Некоторые исследователи (Е. Яблоков, В. Немцев, Ф. Балонов и др.) выделяли в булгаковских произведениях чёрно-белое сочетание, выражаемое в тесной символической связи крови и снега [Яблоков, 2001, с. 369, 374], и отдельно красно-белое сочетание — как устойчивые, лейтмотивные для романистики М. Булгакова, однако данные три цвета не были восприняты как символическое единство и не было выявлено, что эта цветовая триада является идейно-символическим лейтмотивом, проходящим через философскую основу большинства произведений писателя.

На наш взгляд, бело-чёрно-красное сочетание в контексте булгаковских произведений любого периода следует рассматривать как единый символ отношений человека с вселенским добром и злом. Интересным представляется проследить эволюцию трансформаций сочетания белого и чёрного, индикатором при котором служит красный.

В рассказах цикла «Записки молодого врача» практически сразу закладывается основа лейтмотивного образа — бело-чёрной снежной вьюги, снежной мглы. Тёмный для данного цикла — не просто световая характеристика неполного отсутствия света. Эта категория не только на количественной, но и на качественной ступени семантизирования цвета является доминирующей — в силу мощного семантического наполнения. Это и пугающая тьма — недостатки знаний молодого неопытного врача, брошенного в «пустыню» в дали от цивилизации, где он должен бороться с тяжёлыми болезнями, не располагая даже электрическим светом (тоже тьма). Это и тьма глубин сознания и подсознания доктора, заболевшего морфинизмом, и целый ряд прочих значений.

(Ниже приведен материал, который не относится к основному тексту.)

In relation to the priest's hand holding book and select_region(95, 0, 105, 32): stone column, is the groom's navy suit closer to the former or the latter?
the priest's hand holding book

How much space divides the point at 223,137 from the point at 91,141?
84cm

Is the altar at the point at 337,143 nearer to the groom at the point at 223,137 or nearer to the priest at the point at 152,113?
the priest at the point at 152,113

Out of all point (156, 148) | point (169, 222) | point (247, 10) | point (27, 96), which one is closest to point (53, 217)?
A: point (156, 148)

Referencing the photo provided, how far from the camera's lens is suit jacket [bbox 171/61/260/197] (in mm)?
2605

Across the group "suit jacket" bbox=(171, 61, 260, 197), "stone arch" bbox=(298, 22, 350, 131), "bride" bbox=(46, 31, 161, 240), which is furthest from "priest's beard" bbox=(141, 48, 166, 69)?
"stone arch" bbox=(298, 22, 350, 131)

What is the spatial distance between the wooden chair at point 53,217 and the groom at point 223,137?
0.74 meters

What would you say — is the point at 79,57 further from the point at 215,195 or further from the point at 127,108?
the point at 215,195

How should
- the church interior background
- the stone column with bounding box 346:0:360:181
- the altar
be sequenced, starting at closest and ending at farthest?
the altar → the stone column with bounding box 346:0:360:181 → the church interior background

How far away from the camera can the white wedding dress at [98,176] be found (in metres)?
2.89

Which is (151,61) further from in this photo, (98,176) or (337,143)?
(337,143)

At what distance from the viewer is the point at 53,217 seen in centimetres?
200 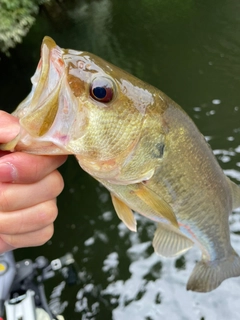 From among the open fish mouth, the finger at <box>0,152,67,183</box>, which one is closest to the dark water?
the finger at <box>0,152,67,183</box>

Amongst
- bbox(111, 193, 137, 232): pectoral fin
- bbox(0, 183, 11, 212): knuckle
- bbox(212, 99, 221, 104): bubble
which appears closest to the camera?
bbox(0, 183, 11, 212): knuckle

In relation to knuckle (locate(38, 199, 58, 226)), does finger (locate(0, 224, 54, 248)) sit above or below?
below

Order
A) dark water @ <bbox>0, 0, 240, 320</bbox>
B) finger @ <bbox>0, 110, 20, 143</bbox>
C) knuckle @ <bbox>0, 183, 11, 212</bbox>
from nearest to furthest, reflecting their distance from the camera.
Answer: finger @ <bbox>0, 110, 20, 143</bbox>
knuckle @ <bbox>0, 183, 11, 212</bbox>
dark water @ <bbox>0, 0, 240, 320</bbox>

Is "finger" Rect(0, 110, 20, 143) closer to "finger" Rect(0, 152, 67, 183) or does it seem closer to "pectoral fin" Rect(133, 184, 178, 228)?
"finger" Rect(0, 152, 67, 183)

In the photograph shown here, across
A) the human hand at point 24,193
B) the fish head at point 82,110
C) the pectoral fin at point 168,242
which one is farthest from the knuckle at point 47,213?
the pectoral fin at point 168,242

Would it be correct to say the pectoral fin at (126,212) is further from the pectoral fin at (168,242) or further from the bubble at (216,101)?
the bubble at (216,101)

Царство тьмы — ночная метель — как неукротимая стихия, по Булгакову, — это символ враждебной жизни и разуму убивающей силы, непобедимого натиска болезней физических (люэс — недуг, наделённый в литературе глубоким символическим смыслом) и духовных (прежде всего это необразованность русского народа) в их тесной взаимосвязи: дети смертельно опасной болезнью должны «платить за тьму отцов» («Звёздная сыпь», «Тьма египетская»). О том же говорит автор, изображая в «Белой гвардии» Ивана Русакова, страдающего этим недугом в наказание за неведение, заблуждение. В рассказах Булгакова ещё имеет место надежда на победу в противостоянии со снежной мглой, но писатель уже чувствует, что неравенство сил не позволит ему одержать победу хотя бы в небольших масштабах. В «Звёздной сыпи» герой признаётся: «некоторых мне удавалось вернуть. Но большая часть утекала у меня из рук, как песок в песочных часах, и я не мог разыскать их в снежной мгле» [Булгаков, 1989, т. 1, с. 144].

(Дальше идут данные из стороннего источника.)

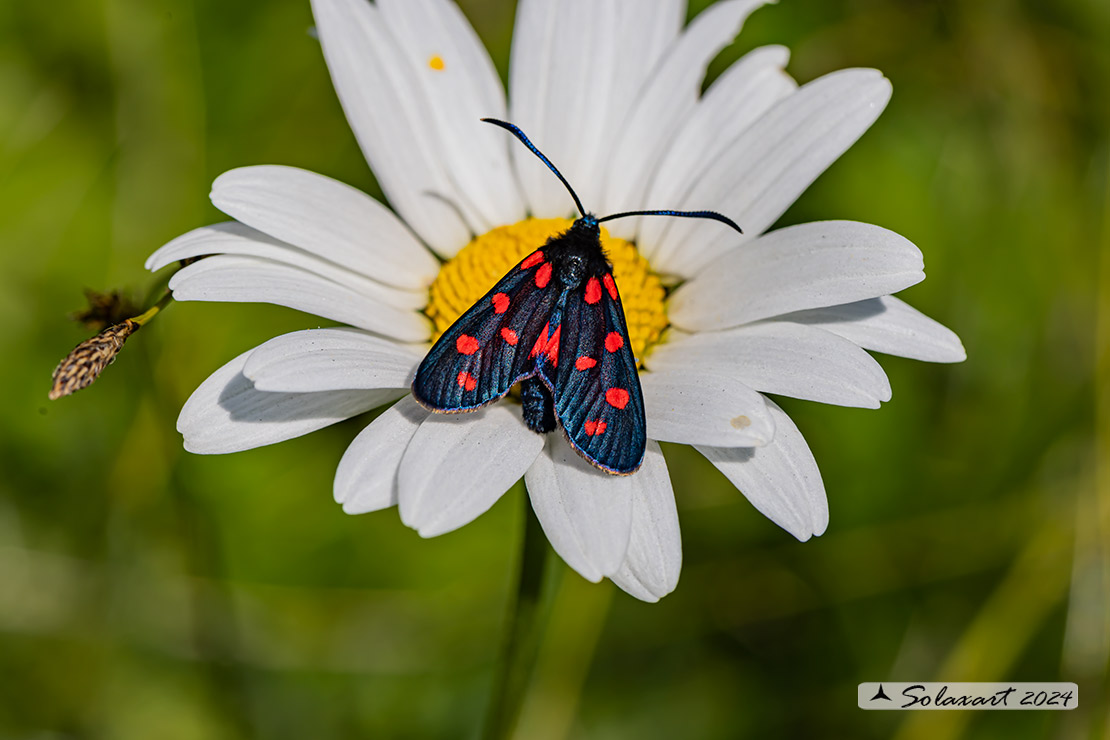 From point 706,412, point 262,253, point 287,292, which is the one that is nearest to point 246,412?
point 287,292

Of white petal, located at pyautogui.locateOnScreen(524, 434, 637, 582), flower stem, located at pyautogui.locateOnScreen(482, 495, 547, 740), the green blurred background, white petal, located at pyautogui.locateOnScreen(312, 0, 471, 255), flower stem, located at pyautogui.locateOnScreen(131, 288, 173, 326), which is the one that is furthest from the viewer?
the green blurred background

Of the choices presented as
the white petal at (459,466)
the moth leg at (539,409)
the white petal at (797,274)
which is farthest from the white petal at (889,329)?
the white petal at (459,466)

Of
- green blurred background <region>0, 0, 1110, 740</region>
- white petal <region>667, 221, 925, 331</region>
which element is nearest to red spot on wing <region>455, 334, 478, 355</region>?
white petal <region>667, 221, 925, 331</region>

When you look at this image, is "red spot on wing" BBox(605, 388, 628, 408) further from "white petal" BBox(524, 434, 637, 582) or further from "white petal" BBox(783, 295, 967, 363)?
"white petal" BBox(783, 295, 967, 363)

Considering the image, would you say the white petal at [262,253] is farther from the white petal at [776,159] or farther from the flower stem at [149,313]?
the white petal at [776,159]

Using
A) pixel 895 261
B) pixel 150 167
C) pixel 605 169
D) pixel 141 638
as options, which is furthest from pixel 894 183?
pixel 141 638

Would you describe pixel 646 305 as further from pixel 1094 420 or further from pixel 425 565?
pixel 1094 420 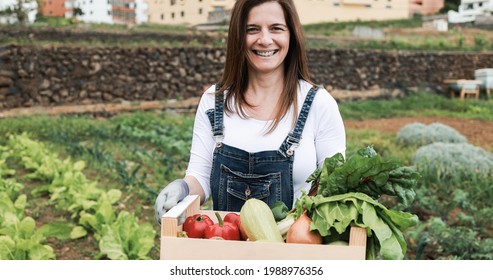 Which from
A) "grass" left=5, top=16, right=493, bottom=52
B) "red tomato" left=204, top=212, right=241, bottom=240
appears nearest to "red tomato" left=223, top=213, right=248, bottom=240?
"red tomato" left=204, top=212, right=241, bottom=240

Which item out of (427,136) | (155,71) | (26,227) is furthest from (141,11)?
(26,227)

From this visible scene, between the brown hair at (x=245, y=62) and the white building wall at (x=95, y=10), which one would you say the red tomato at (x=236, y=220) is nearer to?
the brown hair at (x=245, y=62)

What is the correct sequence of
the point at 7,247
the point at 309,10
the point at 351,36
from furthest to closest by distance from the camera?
the point at 351,36 < the point at 309,10 < the point at 7,247

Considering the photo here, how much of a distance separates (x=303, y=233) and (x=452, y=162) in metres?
4.21

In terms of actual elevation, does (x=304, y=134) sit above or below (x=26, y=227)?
above

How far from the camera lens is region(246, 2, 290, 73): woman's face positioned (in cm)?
164

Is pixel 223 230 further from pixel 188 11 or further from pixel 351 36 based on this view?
pixel 351 36

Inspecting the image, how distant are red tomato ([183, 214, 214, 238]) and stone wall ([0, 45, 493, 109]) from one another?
7990 mm

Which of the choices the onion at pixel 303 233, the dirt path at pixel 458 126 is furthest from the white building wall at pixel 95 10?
the onion at pixel 303 233

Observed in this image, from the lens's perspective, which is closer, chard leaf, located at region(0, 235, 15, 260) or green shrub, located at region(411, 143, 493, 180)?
chard leaf, located at region(0, 235, 15, 260)

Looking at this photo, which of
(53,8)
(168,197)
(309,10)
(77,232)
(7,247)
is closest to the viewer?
(168,197)

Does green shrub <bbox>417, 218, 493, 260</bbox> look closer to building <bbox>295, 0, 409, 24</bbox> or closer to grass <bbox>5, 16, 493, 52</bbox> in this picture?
building <bbox>295, 0, 409, 24</bbox>

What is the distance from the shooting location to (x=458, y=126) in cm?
794

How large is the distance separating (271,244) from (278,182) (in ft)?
1.57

В рассказах Булгакова белый цвет выступает чаще в негативной коннотации смерти (в образах беспощадной метели в степи, в образах белой простыни, которой накрывают умершего, в образе мертвенной бледности и т. п.) — по традициям древних и современных примитивных племён. В то же время белый может выступать и в позитивной коннотации (белый свет надежды, свет познания как орудия против «тьмы веков», цвет чистоты и святости и проч.) — по религиозным (христианским) представлениям.

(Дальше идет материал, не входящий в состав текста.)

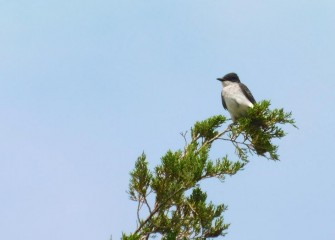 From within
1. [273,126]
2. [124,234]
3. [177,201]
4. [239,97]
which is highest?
[239,97]

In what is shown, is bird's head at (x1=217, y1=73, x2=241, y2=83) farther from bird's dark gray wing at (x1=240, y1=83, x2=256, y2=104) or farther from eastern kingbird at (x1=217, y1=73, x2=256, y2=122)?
bird's dark gray wing at (x1=240, y1=83, x2=256, y2=104)

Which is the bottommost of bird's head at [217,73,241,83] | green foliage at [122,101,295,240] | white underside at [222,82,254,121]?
green foliage at [122,101,295,240]

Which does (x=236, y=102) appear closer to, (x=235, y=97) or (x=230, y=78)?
(x=235, y=97)

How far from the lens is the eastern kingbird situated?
1446 centimetres

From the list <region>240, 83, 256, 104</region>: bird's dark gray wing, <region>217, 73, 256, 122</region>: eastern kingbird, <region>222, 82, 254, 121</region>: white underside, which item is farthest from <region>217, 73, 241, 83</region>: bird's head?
<region>222, 82, 254, 121</region>: white underside

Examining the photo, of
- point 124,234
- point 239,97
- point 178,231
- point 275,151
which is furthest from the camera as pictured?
point 239,97

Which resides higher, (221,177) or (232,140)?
(232,140)

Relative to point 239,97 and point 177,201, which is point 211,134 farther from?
point 239,97

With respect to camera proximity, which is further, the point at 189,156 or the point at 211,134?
the point at 211,134

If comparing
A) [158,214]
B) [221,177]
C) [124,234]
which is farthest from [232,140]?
[124,234]

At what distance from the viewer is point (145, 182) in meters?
11.0

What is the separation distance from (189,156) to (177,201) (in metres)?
0.82

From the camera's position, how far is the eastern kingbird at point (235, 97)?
569 inches

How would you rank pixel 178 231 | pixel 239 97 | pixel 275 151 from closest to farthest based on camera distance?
pixel 178 231 < pixel 275 151 < pixel 239 97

Красный также имеет бинарное толкование. С одной стороны, наличие крови — это жизнеутверждающий акцент. Например, в рассказе «Полотенце с петухом» покалеченная девушка истекает кровью — из неё уходит жизнь. Но когда её белое, почти неживое, тело накрывают белой простынью (символ смерти), живая кровь проступает через неё, что представляет чудо воскрешения и победы над смертью. С другой стороны, красный цвет в том же образе крови символизирует смерть, причём неестественную, насильственную, оттого мучительную и для умирающего, и для вспоминающего об этом. Так, например, в рассказе «Вьюга» образ кровавой, пылающей головы передаёт, с одной стороны, ощущение агонии умирающей от перелома основания черепа девушки, с другой стороны, пылающее в душе доктора негодование за несправедливость: молодая девушка накануне своей свадьбы умирает по нелепой вине своего жениха. Те же надрывные эмоции в сознании читателя вызывают психоинициирующие конструкции белого и красного в не вошедшей в цикл, но созданной в тот же период, «Красной короне». Белый здесь так же полисемантичен — это и белый свет того дня, когда рассказчик увидел своего брата в смертельной «красной короне», и раздражающая его белая вывеска, и пугающий свет дня. Вместе с тем, это позитивная деталь воспоминаний о времени до страшного события — белые клавиши рояля, на котором играл брат. Когда же произошла трагедия, «день кончился. Стал чёрный щит» [Булгаков, 1989, т. 1, с. 446], т. е. белый свет сменился чернотой мрака. Именно в ночной темноте к больному является образ брата в красном «венчике». Красный же, в сочетании с многозначным белым, зловещим тёмным и чёрным, передаёт воспалённое состояние больного рассказчика и довершает картину неоднозначной тревоги, неодолимого шока в сознании читателя.

Если говорить о каждом рассказе цикла, то можно увидеть, что организованы они по-разному. Рассмотрим наиболее интересные примеры.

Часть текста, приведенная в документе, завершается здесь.